Start of RECORDS

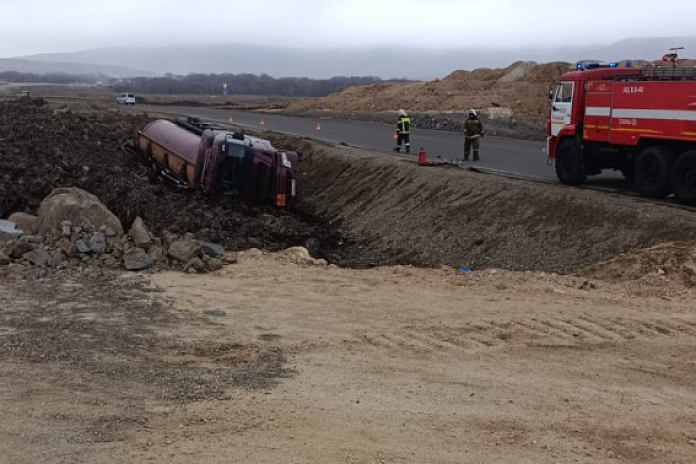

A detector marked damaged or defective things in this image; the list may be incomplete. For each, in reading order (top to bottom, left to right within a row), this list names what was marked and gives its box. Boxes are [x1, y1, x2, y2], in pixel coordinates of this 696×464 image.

overturned tanker truck [136, 117, 300, 208]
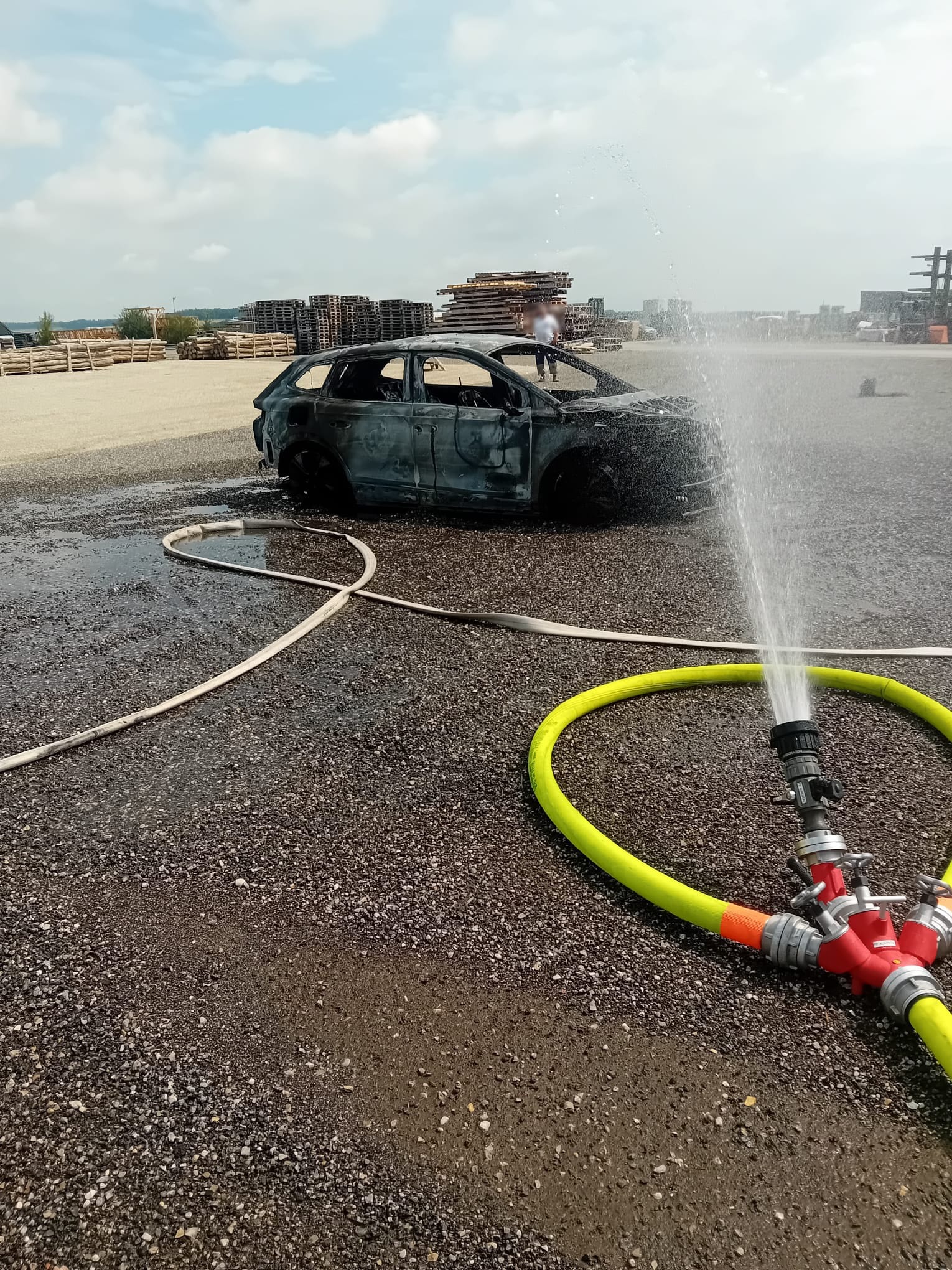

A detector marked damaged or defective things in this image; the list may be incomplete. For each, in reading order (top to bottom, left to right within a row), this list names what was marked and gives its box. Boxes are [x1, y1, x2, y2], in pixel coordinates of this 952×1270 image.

burnt car roof [313, 335, 538, 360]
burned car [254, 335, 716, 523]
charred car body [254, 335, 716, 523]
burnt tire [289, 444, 355, 508]
burnt tire [543, 454, 627, 523]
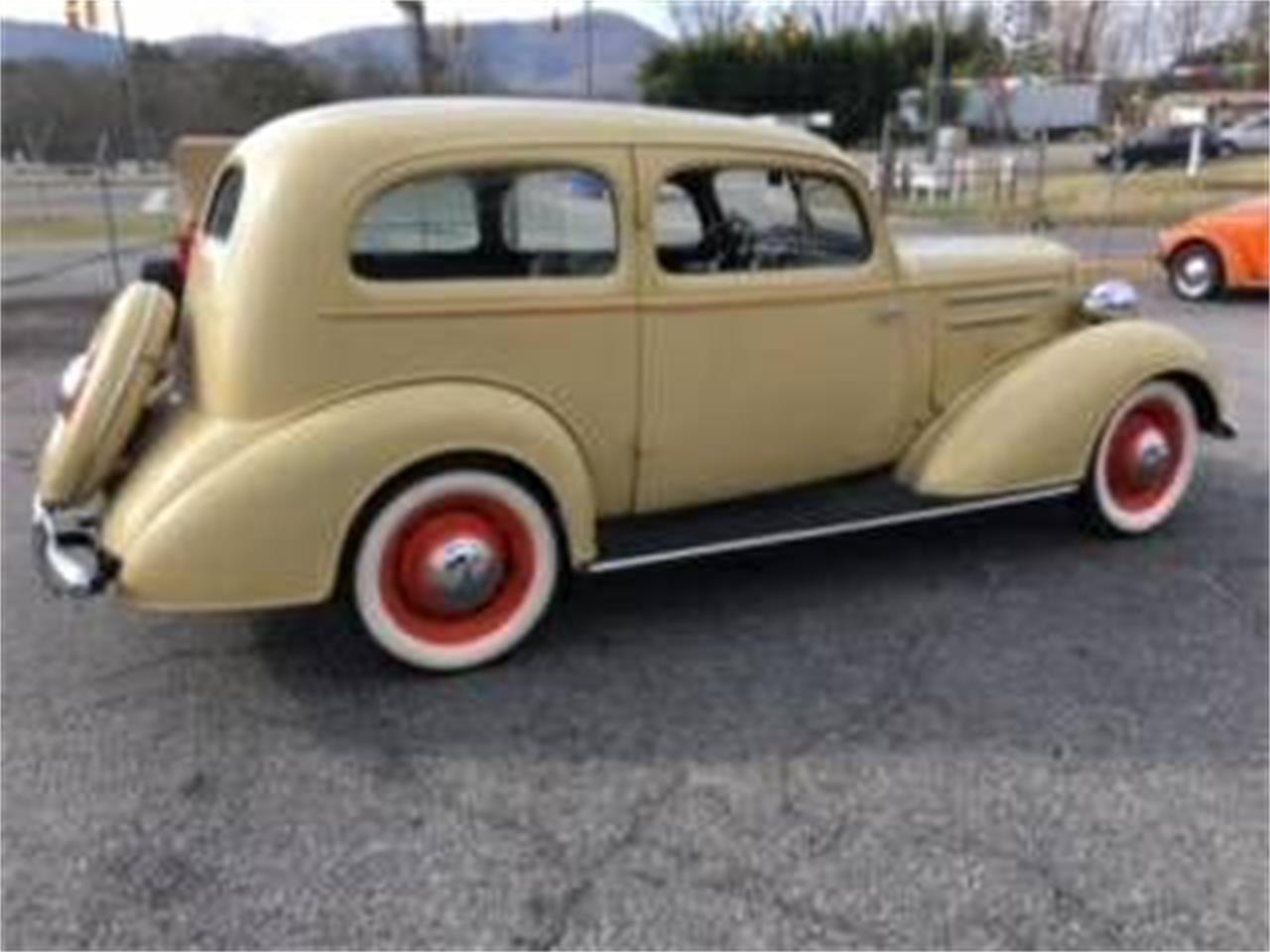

End of RECORDS

**WHAT IS EXPECTED**
From the line containing "this 952×1270 image." down to the last line of the records above, repeat every line exactly and nothing else, dropping any pictures.

**ANSWER TO THIS EXERCISE**
A detector marked damaged or defective things in this image; the list may be incomplete. For each, in reading order (top to bottom, left to right within a row), this list names what was marked and gives its box. Boxes are [x1, y1, x2, y2], in pixel coordinates of this 952×1270 image.

burnt car roof [313, 335, 538, 360]
burned car [254, 335, 716, 523]
charred car body [254, 335, 716, 523]
burnt tire [289, 444, 355, 508]
burnt tire [543, 454, 627, 523]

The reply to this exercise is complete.